▸ Brief
All lines in the data bearing the string "Women" should be identified and copied.

▸ Data extracts
◇ ◇ ◇ ◇ ◇ ◇ ◇
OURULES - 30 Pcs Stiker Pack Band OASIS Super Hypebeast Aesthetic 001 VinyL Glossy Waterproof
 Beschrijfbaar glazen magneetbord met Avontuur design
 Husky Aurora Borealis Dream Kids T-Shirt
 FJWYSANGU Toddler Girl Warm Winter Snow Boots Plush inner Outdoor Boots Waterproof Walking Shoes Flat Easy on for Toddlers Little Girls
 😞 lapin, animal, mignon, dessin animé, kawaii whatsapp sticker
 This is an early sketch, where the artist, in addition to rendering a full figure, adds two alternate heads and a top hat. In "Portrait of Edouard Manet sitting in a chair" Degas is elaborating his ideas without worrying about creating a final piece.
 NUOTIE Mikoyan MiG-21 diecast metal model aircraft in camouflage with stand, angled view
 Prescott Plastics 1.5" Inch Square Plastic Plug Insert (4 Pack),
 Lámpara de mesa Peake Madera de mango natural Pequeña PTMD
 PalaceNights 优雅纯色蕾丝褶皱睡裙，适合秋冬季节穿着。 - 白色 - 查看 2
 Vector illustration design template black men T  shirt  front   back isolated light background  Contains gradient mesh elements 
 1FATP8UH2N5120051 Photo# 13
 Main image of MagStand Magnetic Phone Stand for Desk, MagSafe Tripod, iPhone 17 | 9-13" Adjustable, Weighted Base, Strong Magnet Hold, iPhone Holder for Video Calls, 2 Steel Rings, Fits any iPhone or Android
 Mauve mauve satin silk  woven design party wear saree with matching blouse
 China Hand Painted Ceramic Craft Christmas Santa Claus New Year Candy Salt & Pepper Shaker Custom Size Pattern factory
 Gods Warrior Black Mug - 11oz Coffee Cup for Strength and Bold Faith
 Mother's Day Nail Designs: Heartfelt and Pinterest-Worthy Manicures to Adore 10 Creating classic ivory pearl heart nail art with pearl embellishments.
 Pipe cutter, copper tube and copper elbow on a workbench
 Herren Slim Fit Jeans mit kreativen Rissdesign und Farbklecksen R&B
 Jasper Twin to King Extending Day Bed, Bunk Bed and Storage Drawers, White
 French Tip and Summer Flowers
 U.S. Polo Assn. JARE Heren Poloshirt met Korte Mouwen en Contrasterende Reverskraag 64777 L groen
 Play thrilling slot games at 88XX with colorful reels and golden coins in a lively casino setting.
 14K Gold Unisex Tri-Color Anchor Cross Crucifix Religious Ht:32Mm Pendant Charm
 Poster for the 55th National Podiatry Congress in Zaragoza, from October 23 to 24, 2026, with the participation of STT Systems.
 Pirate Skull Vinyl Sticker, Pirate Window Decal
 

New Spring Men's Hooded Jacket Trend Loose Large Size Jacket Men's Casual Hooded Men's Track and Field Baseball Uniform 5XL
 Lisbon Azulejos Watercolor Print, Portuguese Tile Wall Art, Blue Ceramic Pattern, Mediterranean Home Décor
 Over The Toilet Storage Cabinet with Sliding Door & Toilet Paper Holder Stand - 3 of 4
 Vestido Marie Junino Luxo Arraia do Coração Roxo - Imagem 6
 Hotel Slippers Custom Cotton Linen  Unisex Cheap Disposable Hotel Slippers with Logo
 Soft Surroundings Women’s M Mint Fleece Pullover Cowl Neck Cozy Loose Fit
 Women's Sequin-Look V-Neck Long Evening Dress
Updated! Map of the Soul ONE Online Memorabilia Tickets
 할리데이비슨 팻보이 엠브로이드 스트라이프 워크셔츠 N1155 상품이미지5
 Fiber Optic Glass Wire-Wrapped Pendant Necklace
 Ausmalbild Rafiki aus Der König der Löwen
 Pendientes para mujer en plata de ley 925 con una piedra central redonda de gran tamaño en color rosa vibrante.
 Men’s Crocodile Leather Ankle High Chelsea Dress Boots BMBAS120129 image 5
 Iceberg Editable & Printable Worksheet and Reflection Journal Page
◇ ◇ ◇ ◇ ◇ ◇ ◇
▸ Answer to this problem
 Soft Surroundings Women’s M Mint Fleece Pullover Cowl Neck Cozy Loose Fit
 Women's Sequin-Look V-Neck Long Evening Dress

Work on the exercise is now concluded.